Many previous works (e.g., [10, 18, 23]) have addressed the above problem, especially in the context of building dynamic P2P (peer-to-peer) networks. However, all these constructions provide only *probabilistic* guarantees of the expansion properties that *degrade rapidly* over a series of network changes (insertions and/or deletions of nodes/edges)—in the sense that expansion properties cannot be maintained ad infinitum due to their probabilistic nature^{1} which can be a major drawback in a dynamic setting. In fact, the expansion properties can degrade even more rapidly under adversarial insertions and deletions (e.g., as in [18]). Hence, in a dynamic setting, guaranteed expander constructions are needed. Furthermore, it is important that the network maintains its expander properties (such as high conductance, robustness to failures, and fault-tolerant multi-path routing) *efficiently* even under dynamic network changes. This will be useful in efficiently building good overlay and P2P network topologies with expansion guarantees that do not degrade with time, unlike the above approaches.

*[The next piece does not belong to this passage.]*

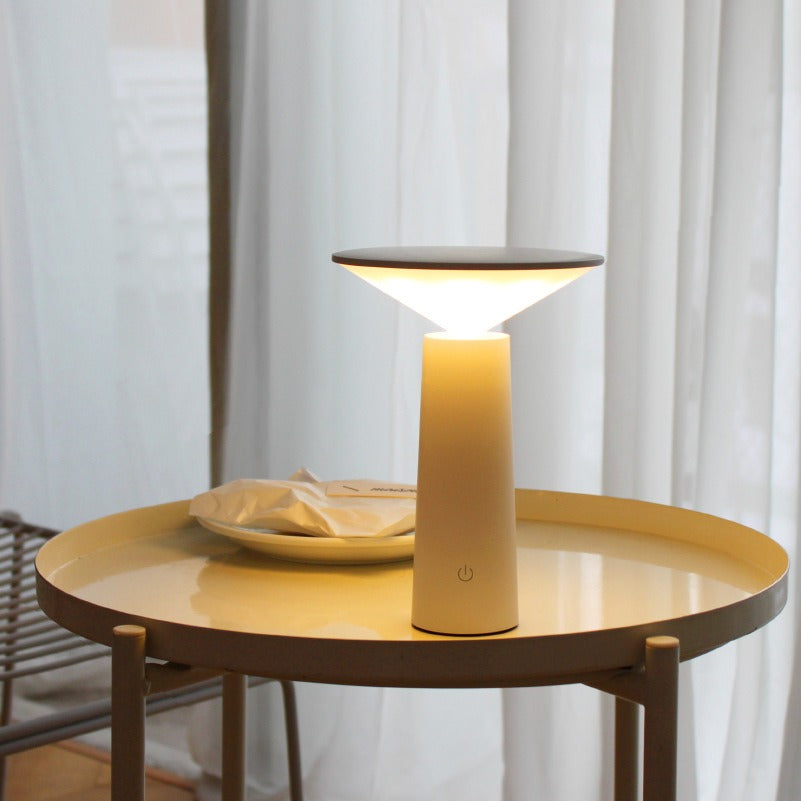 Nordic Minimalist LED Table Lamp – Sleek Rechargeable Night Light for Bedroom & Coffee Table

Self-healing is a *responsive* approach to fault-tolerance, in the sense that it responds to an attack (or component failure) by changing the topology of the network. This approach works irrespective of the initial state of the network, and is thus orthogonal and complementary to traditional non-responsive techniques. Self-healing assumes the network to be *reconfigurable* (e.g., P2P, wireless mesh, and ad-hoc networks), in the sense that changes to the topology of the network can be made on the fly. Our goal is to design an efficient distributed self-healing algorithm that maintains an expander despite attacks from an adversary.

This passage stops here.